How to complete this task —
In the listing below, find the line with "Funny BBQ Grill" and the line with "2001 Coral Heights", then return them and every line between them exactly, minus the pictures.

Material for this exercise —

Content starts

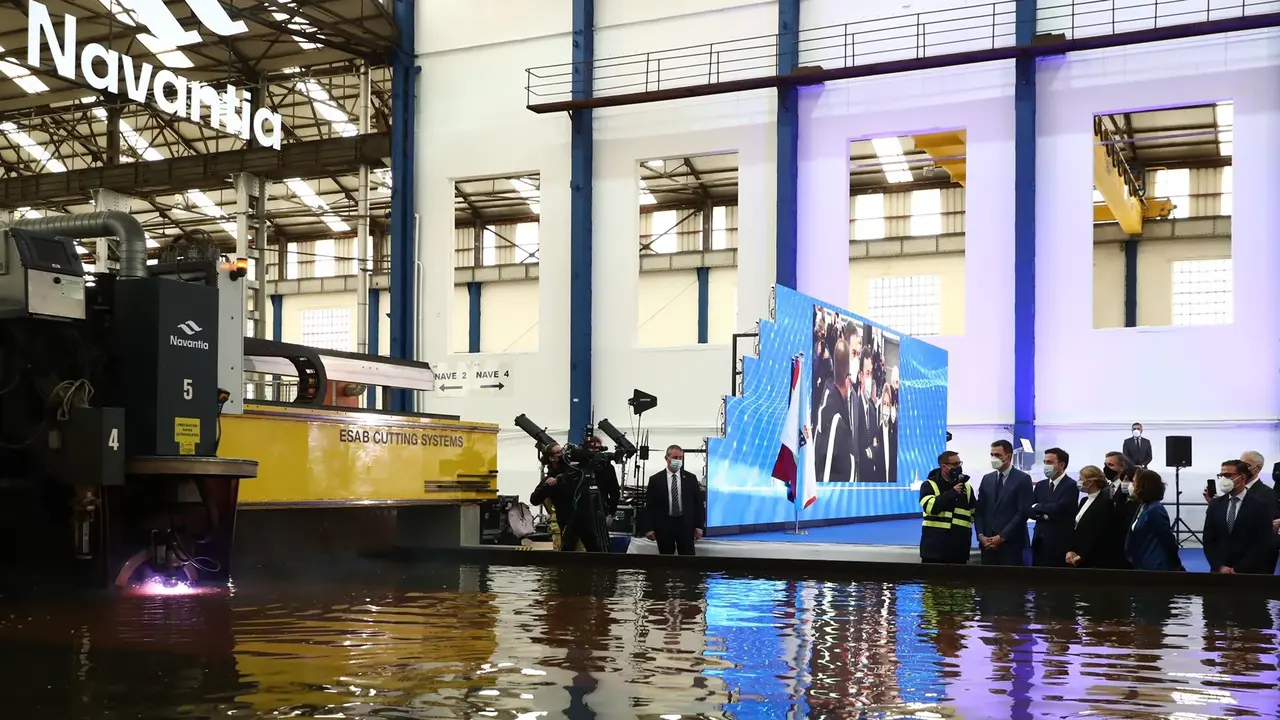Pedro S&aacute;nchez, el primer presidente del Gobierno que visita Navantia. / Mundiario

Content ends
Content starts

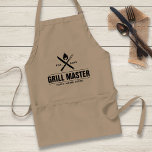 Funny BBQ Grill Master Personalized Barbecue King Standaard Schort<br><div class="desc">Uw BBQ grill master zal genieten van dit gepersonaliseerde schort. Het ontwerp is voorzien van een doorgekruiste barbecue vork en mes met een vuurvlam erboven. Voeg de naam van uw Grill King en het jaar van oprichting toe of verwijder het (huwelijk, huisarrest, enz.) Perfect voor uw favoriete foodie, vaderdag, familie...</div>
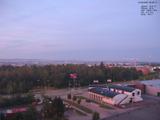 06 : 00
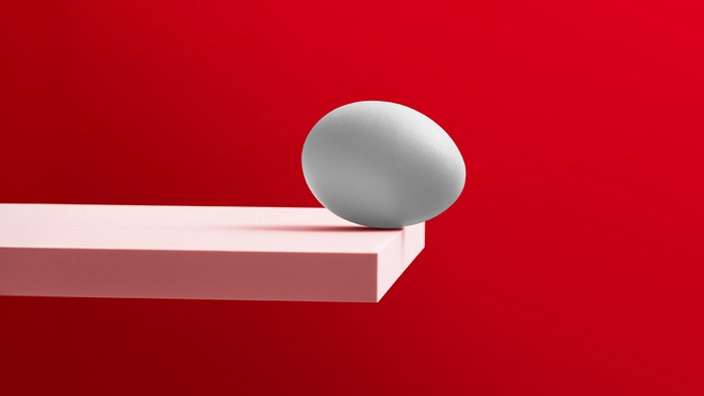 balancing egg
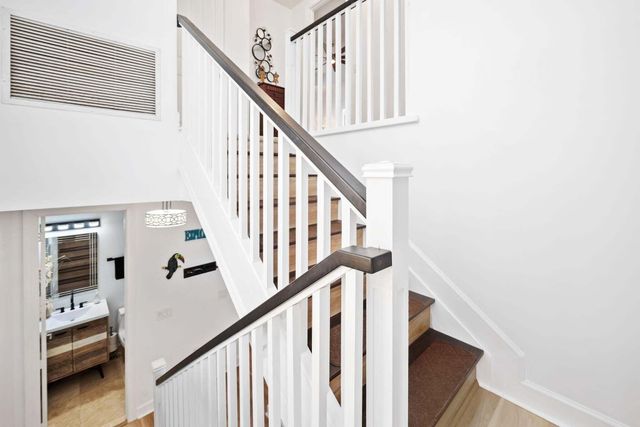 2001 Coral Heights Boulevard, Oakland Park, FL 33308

Content ends

Result for this exercise —
 Funny BBQ Grill Master Personalized Barbecue King Standaard Schort<br><div class="desc">Uw BBQ grill master zal genieten van dit gepersonaliseerde schort. Het ontwerp is voorzien van een doorgekruiste barbecue vork en mes met een vuurvlam erboven. Voeg de naam van uw Grill King en het jaar van oprichting toe of verwijder het (huwelijk, huisarrest, enz.) Perfect voor uw favoriete foodie, vaderdag, familie...</div>
 06 : 00
 balancing egg
 2001 Coral Heights Boulevard, Oakland Park, FL 33308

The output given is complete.